Daniel Phillips (phillips@bonn-fries.net)
Sat, 23 Jun 2001 07:10:45 +0200


On Saturday 23 June 2001 01:25, Daniel Kobras wrote:
> On Wed, Jun 20, 2001 at 10:12:38AM -0600, Richard Gooch wrote:
> > Daniel Phillips writes:
> > > I'd like that too, but what about sync writes? As things stand now,
> > > there is no option but to spin the disk back up. To get around this
> > > we'd have to change the basic behavior of the block device and
> > > that's doable, but it's an entirely different proposition than the
> > > little patch above.
> >
> > I don't care as much about sync writes. They don't seem to happen very
> > often on my boxes.
>
> syslog and some editors are the most common users of sync writes. vim,
> e.g., per default keeps fsync()ing its swapfile. Tweaking the configuration
> of these apps, this can be prevented fairly easy though. Changing sync
> semantics for this matter on the other hand seems pretty awkward to me. I'd
> expect an application calling fsync() to have good reason for having its
> data flushed to disk _now_, no matter what state the disk happens to be in.
> If it hasn't, fix the app, not the kernel.

But apps shouldn't have to know about the special requirements of laptops.
I've been playing a little with the idea of creating a special block device
for laptops that goes between the vfs and the real block device, and adds the
behaviour of being able to buffer writes in memory. In all respects it would
seem to the vfs to be a disk. So far this is just a thought experiment.

> > > You know about this project no doubt:
> > >
> > > http://noflushd.sourceforge.net/
> >
> > Only vaguely. It's huge. Over 2300 lines of C code and >560 lines in
> > .h files! As you say, not really lightweight. There must be a better
> > way.
>
> noflushd would benefit a lot from being able to set bdflush parameters per
> device or per disk. So I'm really eager to see what Daniel comes up with.
> Currently, we can only turn kupdate either on or off as a whole, which
> means that noflushd implements a crude replacement for the benefit of
> multi-disk setups. A lot of the cruft stems from there.

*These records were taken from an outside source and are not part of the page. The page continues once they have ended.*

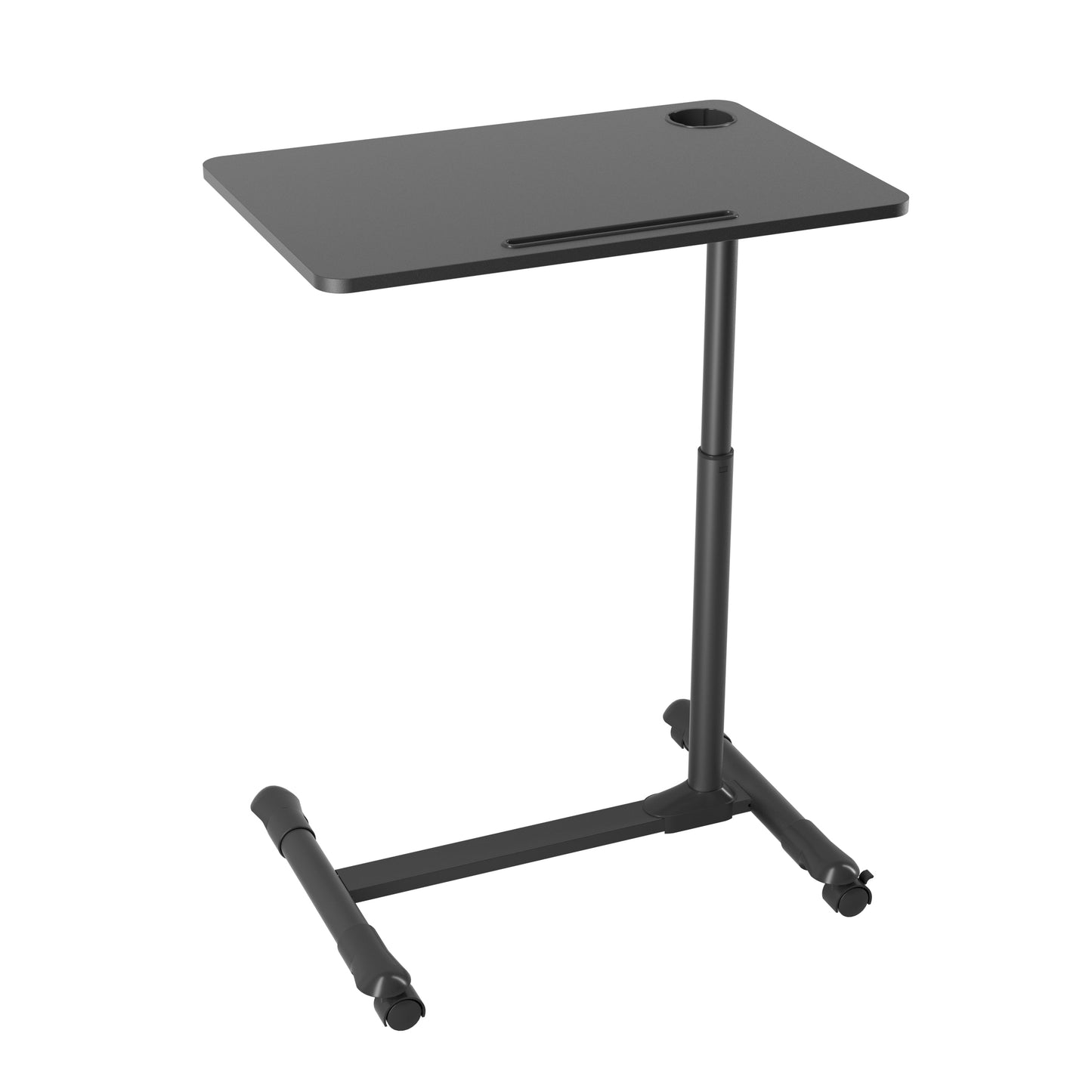 ProMounts Mobile Desk Workstation, Rolling Computer Desk with Built-in Cable Management, Laptop Stand on Wheels for School and Office, Mobile Laptop Cart Holds up to 11lbs (Black)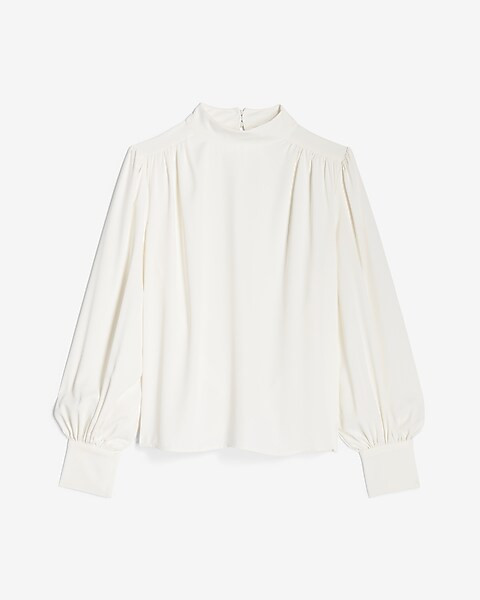 Mock Neck Balloon Sleeve Top | Express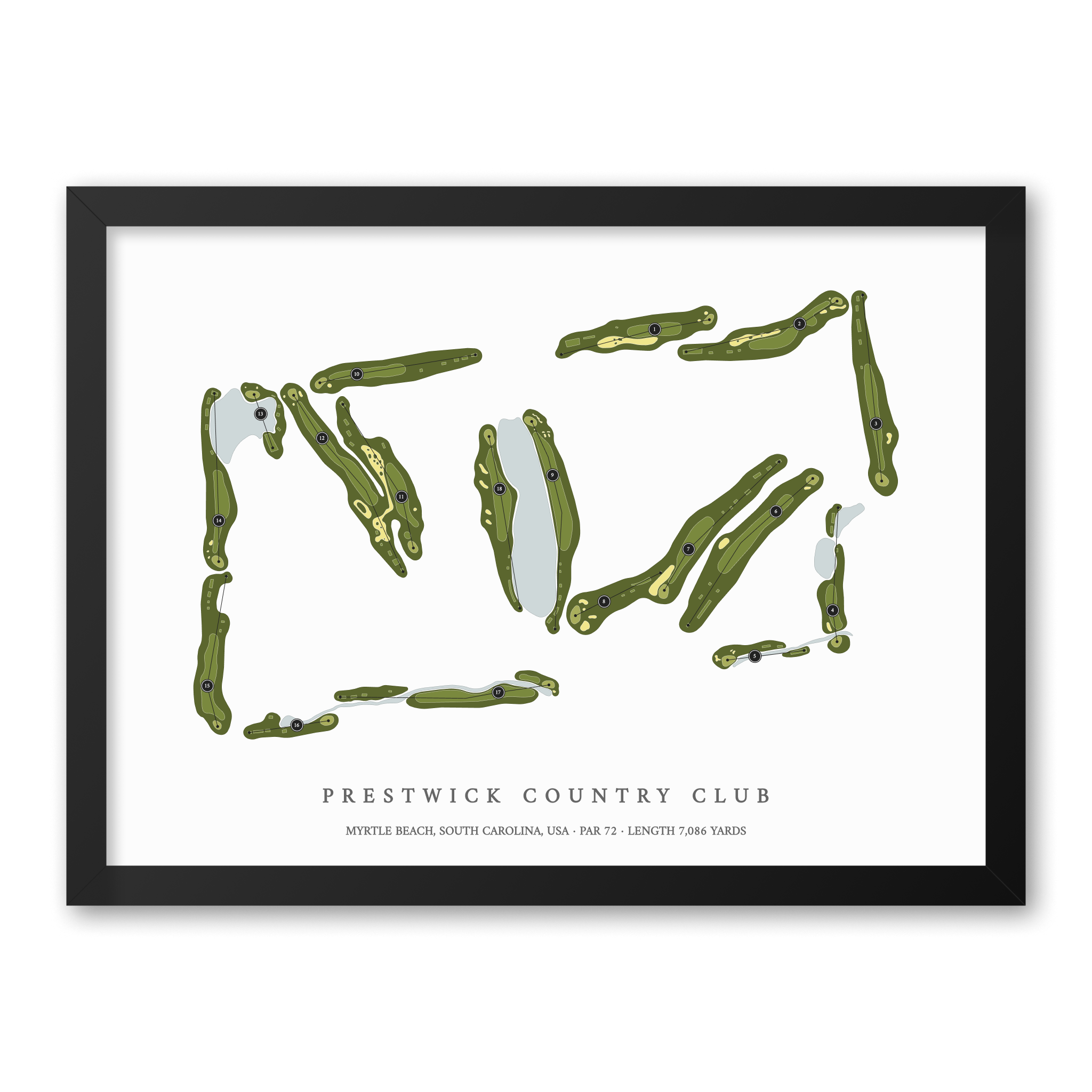 Prestwick Country Club | Golf Course Map | Black Frame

Yes, another person to talk to about this is Jens Axboe who has been doing
some serious hacking on the block layer. I thought I'd get the early flush
patch working well for one disk before generalizing to N ;-)

> > Also, I suspect (without having looked at the code) that it
> > doesn't handle memory pressure well. Things may get nasty when we run
> > low on free pages.
>
> It doesn't handle memory pressure at all. It doesn't have to. noflushd only
> messes with kupdate{,d} but leaves bdflush (formerly known as kflushd)
> alone. If memory gets tight, bdflush starts writing out dirty buffers,
> which makes the disk spin up, and we're back to normal.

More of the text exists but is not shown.